Who Killed John Clayton?
Political Violence and the Emergence of the New South, 1861-1893
Kenneth C. Barnes
Duke University Press, 1998
In 1888 a group of armed and masked Democrats stole a ballot box from a small town in Conway County, Arkansas. The box contained most of the county’s black Republican votes, thereby assuring defeat for candidate John Clayton in a close race for the U.S. Congress. Days after he announced he would contest the election, a volley of buckshot ripped through Clayton’s hotel window, killing him instantly. Thus began a yet-to-be-solved, century-old mystery.

More than a description of this particular event, however, Who Killed John Clayton? traces patterns of political violence in this section of the South over a three-decade period. Using vivid courtroom-type detail, Barnes describes how violence was used to define and control the political system in the post-Reconstruction South and how this system in turn produced Jim Crow.

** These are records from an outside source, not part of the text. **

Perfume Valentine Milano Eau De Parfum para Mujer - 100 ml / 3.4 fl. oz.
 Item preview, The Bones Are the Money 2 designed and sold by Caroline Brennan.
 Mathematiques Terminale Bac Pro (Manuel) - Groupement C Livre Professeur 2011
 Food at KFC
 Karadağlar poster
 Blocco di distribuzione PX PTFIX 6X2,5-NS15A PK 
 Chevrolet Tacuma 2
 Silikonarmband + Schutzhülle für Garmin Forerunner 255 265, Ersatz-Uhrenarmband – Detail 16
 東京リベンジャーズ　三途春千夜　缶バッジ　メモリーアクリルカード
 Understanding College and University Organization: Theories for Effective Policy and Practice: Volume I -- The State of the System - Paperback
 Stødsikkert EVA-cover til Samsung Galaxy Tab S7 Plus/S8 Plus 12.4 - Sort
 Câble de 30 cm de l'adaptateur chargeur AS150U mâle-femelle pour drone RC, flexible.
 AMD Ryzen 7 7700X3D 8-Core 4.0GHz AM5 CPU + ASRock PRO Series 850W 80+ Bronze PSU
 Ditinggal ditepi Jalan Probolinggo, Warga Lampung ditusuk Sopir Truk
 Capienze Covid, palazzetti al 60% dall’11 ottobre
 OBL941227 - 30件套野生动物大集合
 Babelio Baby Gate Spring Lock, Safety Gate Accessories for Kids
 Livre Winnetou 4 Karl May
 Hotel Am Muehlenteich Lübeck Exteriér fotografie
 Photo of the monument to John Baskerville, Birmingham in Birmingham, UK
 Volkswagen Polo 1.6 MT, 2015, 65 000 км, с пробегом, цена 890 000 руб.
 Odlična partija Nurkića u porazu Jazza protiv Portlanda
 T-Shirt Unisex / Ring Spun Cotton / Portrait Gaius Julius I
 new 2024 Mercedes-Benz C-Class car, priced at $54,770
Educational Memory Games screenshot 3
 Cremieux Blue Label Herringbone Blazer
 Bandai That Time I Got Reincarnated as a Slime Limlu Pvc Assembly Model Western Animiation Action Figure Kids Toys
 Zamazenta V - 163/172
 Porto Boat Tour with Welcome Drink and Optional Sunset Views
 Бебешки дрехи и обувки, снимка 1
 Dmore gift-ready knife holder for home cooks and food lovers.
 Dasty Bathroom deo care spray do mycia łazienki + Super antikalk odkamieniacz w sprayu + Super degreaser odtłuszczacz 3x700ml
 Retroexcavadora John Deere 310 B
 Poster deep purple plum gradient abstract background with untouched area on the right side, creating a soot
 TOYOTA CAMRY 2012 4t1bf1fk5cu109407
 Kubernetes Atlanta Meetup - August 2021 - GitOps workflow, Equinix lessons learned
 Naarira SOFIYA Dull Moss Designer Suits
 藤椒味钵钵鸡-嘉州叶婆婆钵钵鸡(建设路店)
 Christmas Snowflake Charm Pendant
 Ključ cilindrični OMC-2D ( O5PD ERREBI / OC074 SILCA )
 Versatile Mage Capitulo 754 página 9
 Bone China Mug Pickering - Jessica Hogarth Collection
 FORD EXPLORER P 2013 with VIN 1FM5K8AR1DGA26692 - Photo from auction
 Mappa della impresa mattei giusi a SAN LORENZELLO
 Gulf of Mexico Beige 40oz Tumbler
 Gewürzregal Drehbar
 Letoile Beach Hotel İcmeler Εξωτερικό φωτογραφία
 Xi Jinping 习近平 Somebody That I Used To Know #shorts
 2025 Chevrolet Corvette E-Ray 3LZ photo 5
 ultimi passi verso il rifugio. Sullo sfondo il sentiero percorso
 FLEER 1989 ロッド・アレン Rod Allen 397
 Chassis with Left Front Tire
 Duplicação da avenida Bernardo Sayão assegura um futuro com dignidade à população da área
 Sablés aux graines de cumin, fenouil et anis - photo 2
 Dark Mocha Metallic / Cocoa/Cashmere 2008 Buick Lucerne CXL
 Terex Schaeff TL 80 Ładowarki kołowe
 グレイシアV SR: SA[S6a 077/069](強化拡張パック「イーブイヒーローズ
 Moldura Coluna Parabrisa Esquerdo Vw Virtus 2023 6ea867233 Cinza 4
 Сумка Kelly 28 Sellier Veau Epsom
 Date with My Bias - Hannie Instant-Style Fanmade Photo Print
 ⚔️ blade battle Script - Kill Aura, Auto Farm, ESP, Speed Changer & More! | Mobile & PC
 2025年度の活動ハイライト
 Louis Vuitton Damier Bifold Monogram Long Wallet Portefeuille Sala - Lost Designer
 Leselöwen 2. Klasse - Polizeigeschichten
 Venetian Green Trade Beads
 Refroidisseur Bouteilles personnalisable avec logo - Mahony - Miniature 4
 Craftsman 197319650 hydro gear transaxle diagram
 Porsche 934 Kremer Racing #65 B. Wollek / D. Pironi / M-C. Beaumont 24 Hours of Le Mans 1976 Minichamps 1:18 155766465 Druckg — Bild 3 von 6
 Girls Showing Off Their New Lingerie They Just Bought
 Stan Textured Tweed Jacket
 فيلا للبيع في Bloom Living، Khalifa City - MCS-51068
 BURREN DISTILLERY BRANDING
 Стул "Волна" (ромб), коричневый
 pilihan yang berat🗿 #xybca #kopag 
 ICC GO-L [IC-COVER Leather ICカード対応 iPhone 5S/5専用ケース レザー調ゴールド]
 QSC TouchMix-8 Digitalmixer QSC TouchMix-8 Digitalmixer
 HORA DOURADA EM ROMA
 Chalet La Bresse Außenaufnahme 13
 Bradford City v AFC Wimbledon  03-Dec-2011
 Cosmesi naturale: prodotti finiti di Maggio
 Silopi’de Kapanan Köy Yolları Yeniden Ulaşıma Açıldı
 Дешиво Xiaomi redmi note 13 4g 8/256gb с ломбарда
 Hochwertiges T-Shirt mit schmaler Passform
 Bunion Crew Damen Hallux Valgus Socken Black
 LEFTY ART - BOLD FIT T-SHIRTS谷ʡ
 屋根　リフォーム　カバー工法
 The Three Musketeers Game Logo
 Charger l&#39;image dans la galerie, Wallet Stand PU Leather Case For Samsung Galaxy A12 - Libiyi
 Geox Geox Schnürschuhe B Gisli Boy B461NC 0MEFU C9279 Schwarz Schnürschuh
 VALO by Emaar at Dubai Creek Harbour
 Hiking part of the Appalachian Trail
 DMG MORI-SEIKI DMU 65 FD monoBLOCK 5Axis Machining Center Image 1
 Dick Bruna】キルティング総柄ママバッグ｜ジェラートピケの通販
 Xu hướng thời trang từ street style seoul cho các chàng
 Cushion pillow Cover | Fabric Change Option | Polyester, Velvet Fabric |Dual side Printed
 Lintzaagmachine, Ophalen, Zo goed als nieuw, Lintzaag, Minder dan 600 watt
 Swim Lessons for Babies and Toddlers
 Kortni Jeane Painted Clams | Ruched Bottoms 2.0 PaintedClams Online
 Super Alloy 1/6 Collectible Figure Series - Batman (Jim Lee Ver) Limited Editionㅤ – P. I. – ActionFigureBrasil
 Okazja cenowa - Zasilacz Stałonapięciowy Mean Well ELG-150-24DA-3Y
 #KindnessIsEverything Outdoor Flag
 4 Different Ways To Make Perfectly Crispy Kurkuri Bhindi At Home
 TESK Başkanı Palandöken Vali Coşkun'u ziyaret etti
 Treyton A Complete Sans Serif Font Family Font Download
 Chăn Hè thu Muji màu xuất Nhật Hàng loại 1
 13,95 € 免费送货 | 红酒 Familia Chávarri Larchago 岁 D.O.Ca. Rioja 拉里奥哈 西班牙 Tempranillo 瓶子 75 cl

Although white Unionists and freed blacks had joined under the banner of the Republican Party and gained the upper hand during Reconstruction, during these last decades of the nineteenth century conservative elites, first organized as the Ku Klux Klan and then as the revived Democratic Party, regained power—via such tactics as murdering political opponents, lynching blacks, and defrauding elections.

This important recounting of the struggle over political power will engage those interested in Southern and American history.